◆ Data provided
'''

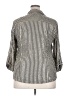 Anne Klein Stripes Gray Jacket Size 2X - photo 2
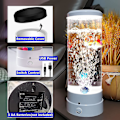 Miniatyrbillede 4 af 5: Black Friday Fiskeakvarium Lavalamp Jellyfish Tank Boblelampe Natlys Gave Kompatibel Børn, Hvid -ES【HY】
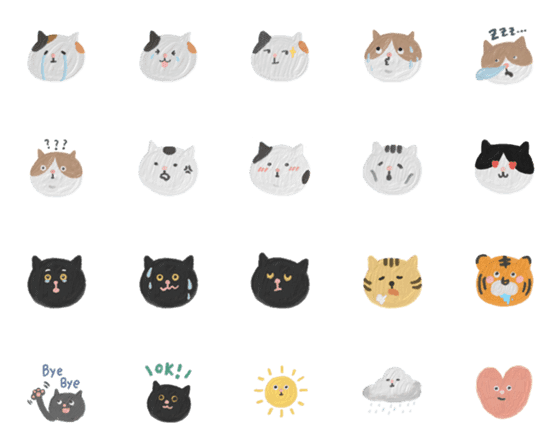 [LINE絵文字]Hello Crispy catsの画像一覧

'''

◆ Task
Output the data above without changes, apart from leaving out the pictures.

◆ Answer to this exercise
 Anne Klein Stripes Gray Jacket Size 2X - photo 2
 Miniatyrbillede 4 af 5: Black Friday Fiskeakvarium Lavalamp Jellyfish Tank Boblelampe Natlys Gave Kompatibel Børn, Hvid -ES【HY】
 [LINE絵文字]Hello Crispy catsの画像一覧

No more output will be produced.